Supplied data >>
▼▼▼

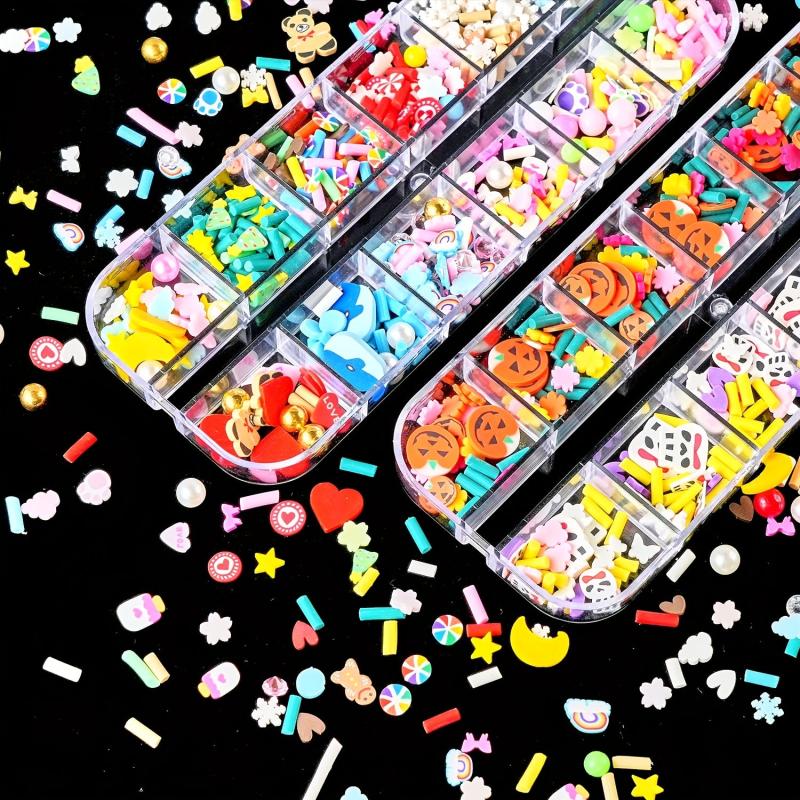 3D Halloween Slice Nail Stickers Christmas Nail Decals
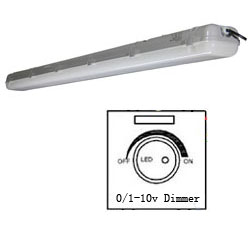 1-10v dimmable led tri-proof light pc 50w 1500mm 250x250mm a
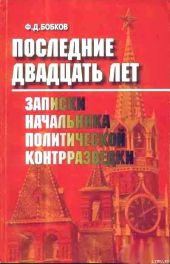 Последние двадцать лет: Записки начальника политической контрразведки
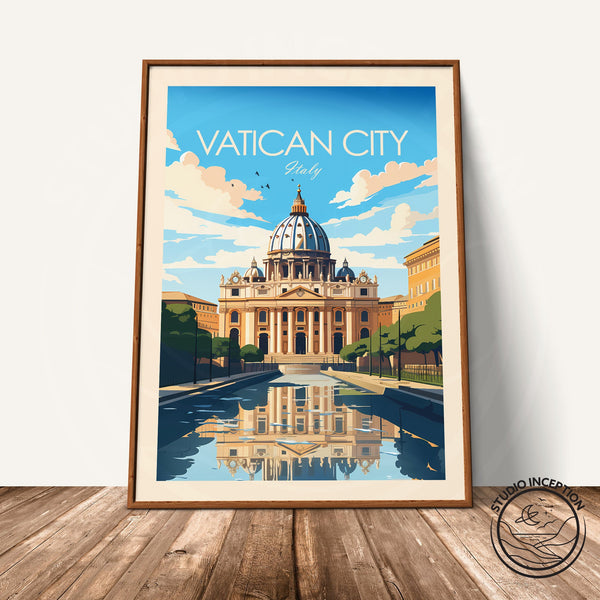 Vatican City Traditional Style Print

▲▲▲

Requirement >> The copy should begin at the line containing "Последние двадцать лет: Записки" and end at the last line of the data above; please restate those lines word for word without the pictures.

Task answer >>
 Последние двадцать лет: Записки начальника политической контрразведки
 Vatican City Traditional Style Print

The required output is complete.